Corazón palpitando la cara enrojecida, las extremidades que no cesan de moverse y por otro lado, miedo, pavor, son marcas de presencia de la imaginación; de su calor innato. Tales movimientos son traducidos a acciones intencionales o funcionales del alma. Fueron diseñados por la naturaleza para ayudar al organismo en su comportamiento relativo al objeto de deseo o aversión dicen los médicos renacentistas. Thomas Wright (1604) resumió este mecanismo de la siguiente manera: Cuando imaginamos cualquier cosa, actualmente los espíritus más puros, acuden en masa desde el cerebro, por ciertos canales secretos al corazón, donde lanzan al dore, lo que significa que se presentó un objeto, conveniente o inconveniente para ello. El corazón inmediatamente se inclina, ya sea para perseguirlo o para evitarlo: y para lograr mejor ese efecto, atrae otros humores para ayudarlo, y así en el placer concurren gran cantidad de espíritus puros; en el dolor y la tristeza, mucha sangre melancólica; en ira, sangre y cólera, etc.
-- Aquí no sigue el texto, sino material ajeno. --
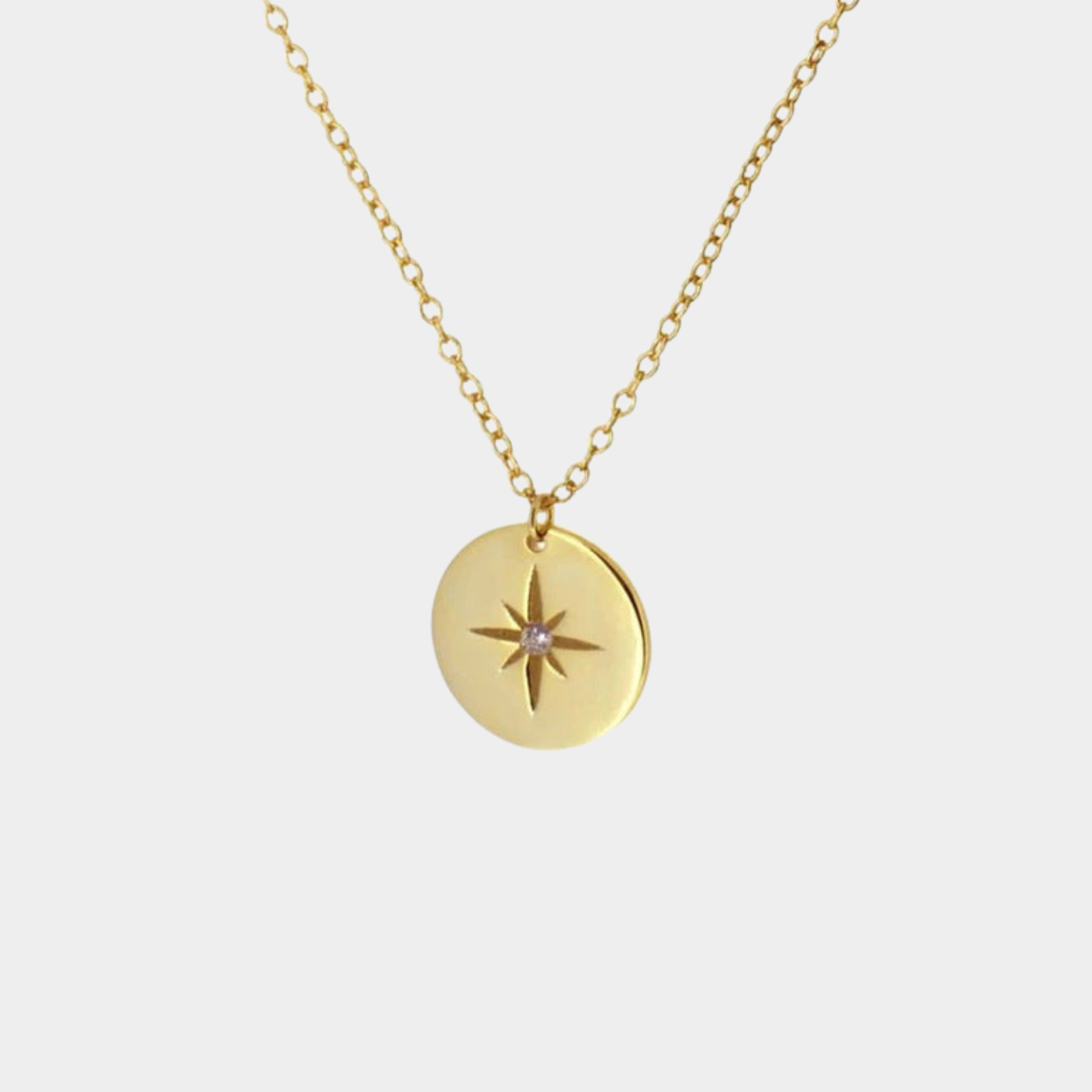 Sophie – A silver necklace with multiple layers and a modest pendant shape.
Se creía y aun se cree, que la imaginación era tan poderosa para inducir cambios fisiológicos, que se decía que imprimía características en los embriones en el útero. Así Charron en 1601 afirmaba que la imaginación «marca y deforma, es más, a veces mata a los embriones en el útero, acelera los nacimientos o provoca abortos«. En el momento de la concepción, ambos padres podían participar en la impronta, cuya eficacia variaba según la fuerza de sus poderes imaginativos.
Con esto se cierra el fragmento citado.